Published on

A simple way to data visualization and correlation with seaborn.heatmap Python function.

Authors

Introduction

Visualizing data is an art in which people are either talented or not. The good news for you is that Python has a library called Seaborn, which provides high-level tools such as heatmaps to visualize your data and make correlations with it more leisurely. This blog post will show how to use seaborn.heatmap function to do just that!

Also, check the post's footer for an easy way to run your Jupyter Notebook in the Google Colaboratory. "Google Colab" is available for free to anyone with a Google account.

Getting started

The first step is to read the data set. To do this, we'll use the Pandas library.

# Importing libraries
import seaborn as sns
import numpy as np
import pandas as pd
import matplotlib.pyplot as plt

# Additional libraries that needed to loading a .csv file from GitHub in Python
import requests
import io

Loading .csv file in Python from GitHub

The second step is downloading data from .csv file hosted in the public repository on GitHub.

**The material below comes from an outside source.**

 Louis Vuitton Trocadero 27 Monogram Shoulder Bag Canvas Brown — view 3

# Downloading the csv file from GitHub (make sure the url is the raw version of the file on GitHub)**
url = "https://raw.githubusercontent.com/rsipakov/PythonProjectsShared/master/seaborn/SO2_HCHO_correlation/Dataset_SO2_HCHO_post_20_Kyiv_2017.csv"
download = requests.get(url).content

# Reading the downloaded content and turning it into a pandas dataframe
SO2_df = pd.read_csv(io.StringIO(download.decode('utf-8')))

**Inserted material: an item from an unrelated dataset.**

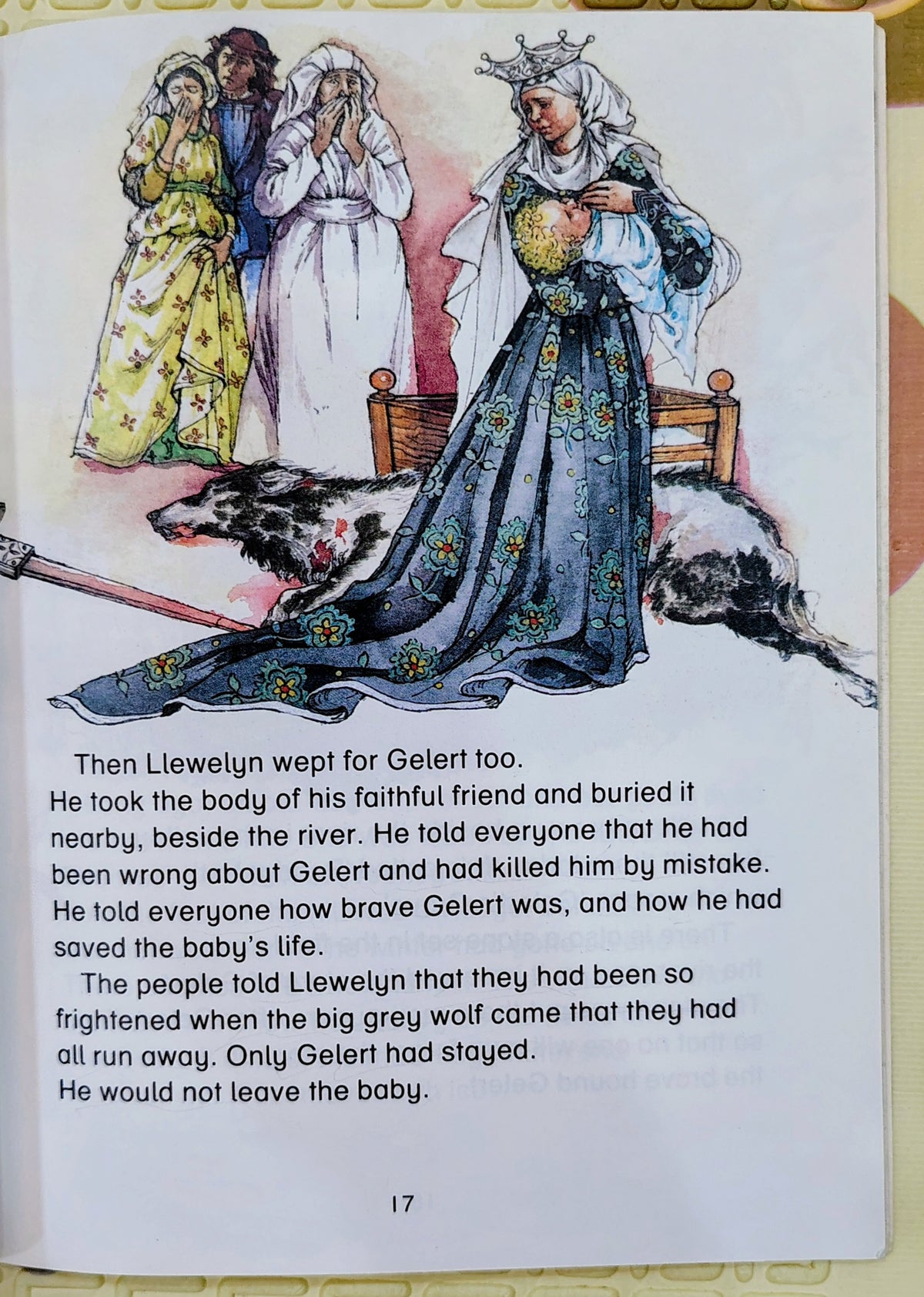 New Way: Hound Gelert and Wookey Witch | Nelson Orange Level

If you need to download data from a private repository, you need to use a personal access token.

# Username of your GitHub account
github_username = 'YOUR GITHUB USERNAME'

# Personal Access Token (PAO) of your GitHub account
personal_token = 'YOUR GITHUB PAO'

# Creates a reusable session object that includes your GitHub credentials.
github_session = requests.Session()
github_session.auth = (github_username, personal_token)

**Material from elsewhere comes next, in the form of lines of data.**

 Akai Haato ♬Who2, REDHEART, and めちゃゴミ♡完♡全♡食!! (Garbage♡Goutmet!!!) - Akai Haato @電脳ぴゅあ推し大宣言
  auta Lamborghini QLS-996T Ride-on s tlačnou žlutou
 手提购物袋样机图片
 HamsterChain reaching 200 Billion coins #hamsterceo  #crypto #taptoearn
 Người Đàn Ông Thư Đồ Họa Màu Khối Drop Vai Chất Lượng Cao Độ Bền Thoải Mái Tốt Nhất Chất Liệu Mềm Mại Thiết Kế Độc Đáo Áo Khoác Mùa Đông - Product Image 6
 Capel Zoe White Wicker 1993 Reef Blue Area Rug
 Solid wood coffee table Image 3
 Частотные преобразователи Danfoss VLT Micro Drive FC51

# Downloading the csv file from your private repository on GitHub (make sure the url is the raw version of the file on GitHub)**
url = "https://raw.githubusercontent.com/rsipakov/PythonProjectsShared/master/seaborn/SO2_HCHO_correlation/Dataset_SO2_HCHO_post_20_Kyiv_2017.csv"
download = requests.get(url).content

# Reading the downloaded content and turning it into a pandas dataframe
SO2_df = pd.read_csv(io.StringIO(download.decode('utf-8')))

This is how the DataFrame looks

# View the first five rows of the data
SO2_df.head()
#SO2NO2NOHCHO
00.01840.03680.02580.0018
10.02140.07350.04140.0039
20.04630.15300.08980.0062
30.05170.16290.09470.0026
40.01380.04940.03800.0015
# Generate the correlation matrix
SO2_df.corr()
#SO2NO2NOHCHO
SO21.0000000.5168450.6573160.365689
NO20.5168451.0000000.8164630.686926
NO0.6573160.8164631.0000000.626236
HCHO0.3656890.6869260.6262361.000000
# Output data correlation into .xlsx file
cr1 = SO2_df.corr()
cr1.to_excel("output_SO2_HCHO.xlsx")

Basic seaborn.heatmap()

# Generate a heatmap using .corr() function
sns.heatmap(SO2_df.corr())
ocean
# Save heatmap in the .png format
sns.heatmap(SO2_df.corr())
plt.savefig('heatmap_SO2_HCHO.png', transparent=True)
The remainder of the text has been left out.